During puberty, male or female development can be encouraged through hormone treatment. Surgery may be involved to change the genitals’ function or appearance. To better cope and understand the effects of androgen insensitivity syndrome, psychological support is provided to the patients and their parents.
Psychological support may not be necessary for kids while they are young, but they will need it as they grow old.
Gender Dysphoria VS Gender Identity
Gender identity is the feeling of most kids with androgen insensitivity syndrome that they are the gender with which they have been raised by their parents. On the other hand, gender dysphoria is when the adults and older children with this condition feel that the gender with which they have been raised does not match their gender identity.
Gender dysphoria patients would like to live as part of the opposite sex and may seek treatment to match their gender identity with their physical appearance. Right now, the National Congenital Anomaly and Rare Diseases Registration Service are supporting the scientists’ quest to improve the treatment and prevention of androgen insensitivity syndrome.

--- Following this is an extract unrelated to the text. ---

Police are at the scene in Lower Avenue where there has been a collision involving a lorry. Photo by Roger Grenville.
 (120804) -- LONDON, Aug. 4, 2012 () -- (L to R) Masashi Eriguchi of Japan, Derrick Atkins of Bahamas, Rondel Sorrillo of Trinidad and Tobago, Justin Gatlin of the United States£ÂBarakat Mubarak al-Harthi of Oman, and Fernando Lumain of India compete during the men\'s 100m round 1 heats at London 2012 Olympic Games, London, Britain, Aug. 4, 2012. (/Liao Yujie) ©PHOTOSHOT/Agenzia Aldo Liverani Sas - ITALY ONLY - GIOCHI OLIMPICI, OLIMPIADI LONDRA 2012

Educating Patients and Families About Androgen Insensitivity Syndrome
The complete nature of androgen insensitivity syndrome should be explained very well in order to educate patients and their families. An age-appropriate format can be used to deliver understandable and highly accurate information to children. Issues like osteoporosis and vaginal hypoplasia should be discussed as the child grow up and mature.
It is also best to urge the patients to join in making decisions regarding their surgical and medical options.
Additional Information about Androgen Insensitivity Syndrome
Upon diagnosis, affected patients usually experience psychological trauma. They were reportedly treated as oddities and coerced to go through many interviews and examinations for the purpose of learning. Furthermore, the lack of sexual satisfaction and sexual confidence has been reported by patients with complete androgen insensitivity syndrome.
Psychological morbidity is the usual thing among patients with androgen insensitivity syndrome. Psychosocial issues may arise in phenotypic females who are identified as genetic males. Sensitive psychological support is very important for these females as they struggle with problems like the outside world’s gender perceptions as well as the medical system’s lack of sensitivity.
Non-removal of the testes is tied to a higher risk of testicular malignancy. Prepubertal malignancy is very rare in complete androgen sensitivity syndrome cases. In addition, there is a significantly higher risk of germ cell tumors if the undescended testes are left untreated.